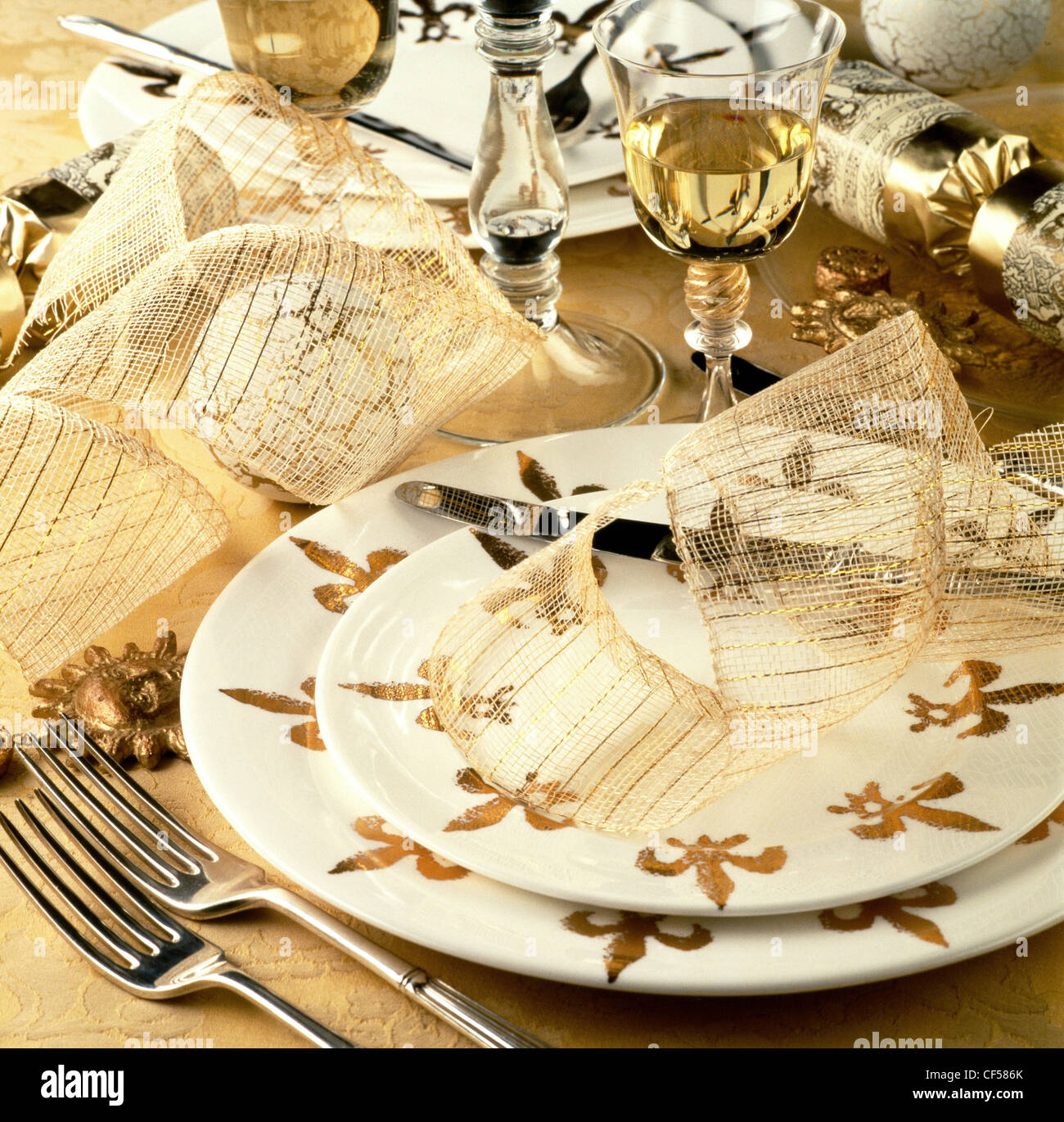 A special gourmet feast Table setting with white and gold fleur de ... A special gourmet feast Table setting with white and gold fleur de ...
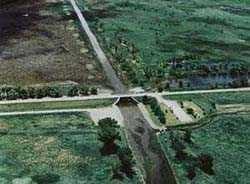 An overhead photo of a dam. The river trails off into the background.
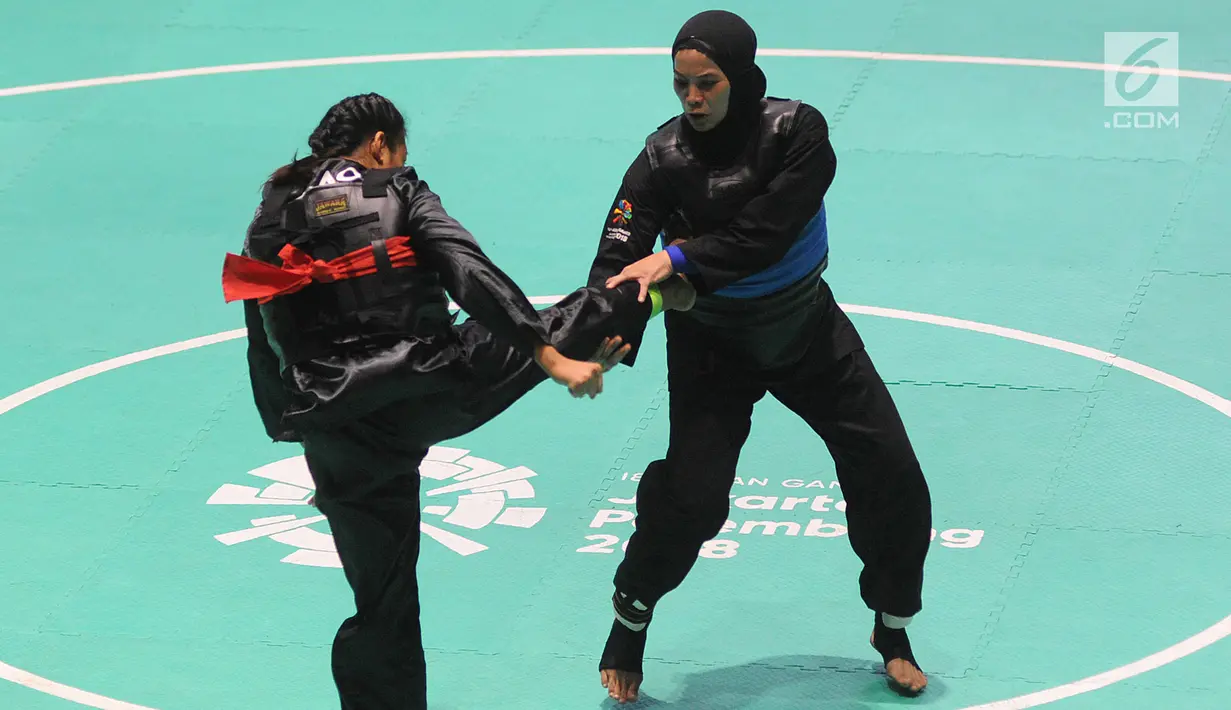 Pesilat Indonesia, Sarah Tria Monita (biru) bertanding melawan Nong Oy Vongphakdy (merah) asal Laos dalam babak final Kelas C Putri Asian Games 2018 di Jakarta, Senin (27/8). Sarah menang dan mendapatkan medali emas. (Merdeka.com/Arie Basuki)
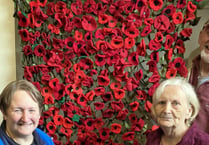 Children and villagers unite to remember with poppy creations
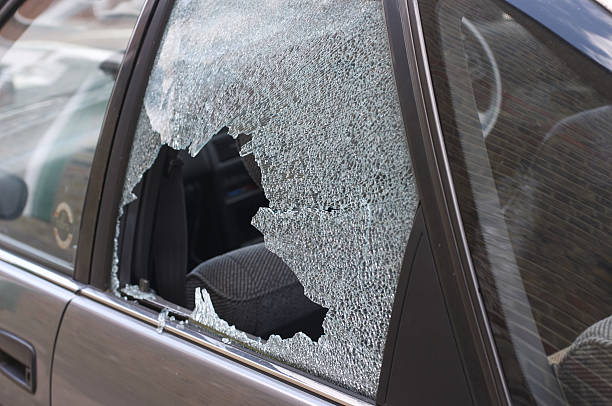 Thief broken glass in car window Cracked and crazed glass reveals the workings of a thief in the night, during the morning after. One more car crime in London. thief stock pictures, royalty-free photos & images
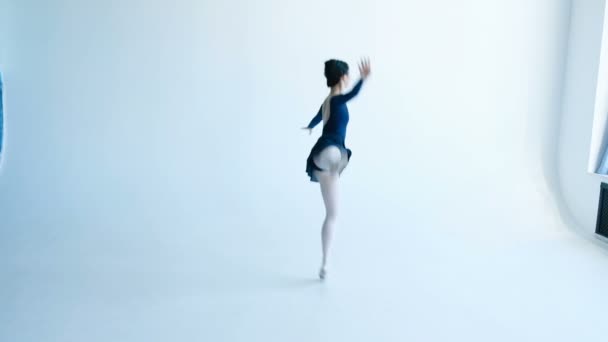 Молодая балерина исполняет балетный танец на белой стене — стоковое видео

## Work task
Restate, line by line and word for word, everything from the top of the material through the line that contains "Thief broken glass". Leave pictures out.

## Written reply
 A special gourmet feast Table setting with white and gold fleur de ... A special gourmet feast Table setting with white and gold fleur de ...
 An overhead photo of a dam. The river trails off into the background.
 Pesilat Indonesia, Sarah Tria Monita (biru) bertanding melawan Nong Oy Vongphakdy (merah) asal Laos dalam babak final Kelas C Putri Asian Games 2018 di Jakarta, Senin (27/8). Sarah menang dan mendapatkan medali emas. (Merdeka.com/Arie Basuki)
 Children and villagers unite to remember with poppy creations
 Thief broken glass in car window Cracked and crazed glass reveals the workings of a thief in the night, during the morning after. One more car crime in London. thief stock pictures, royalty-free photos & images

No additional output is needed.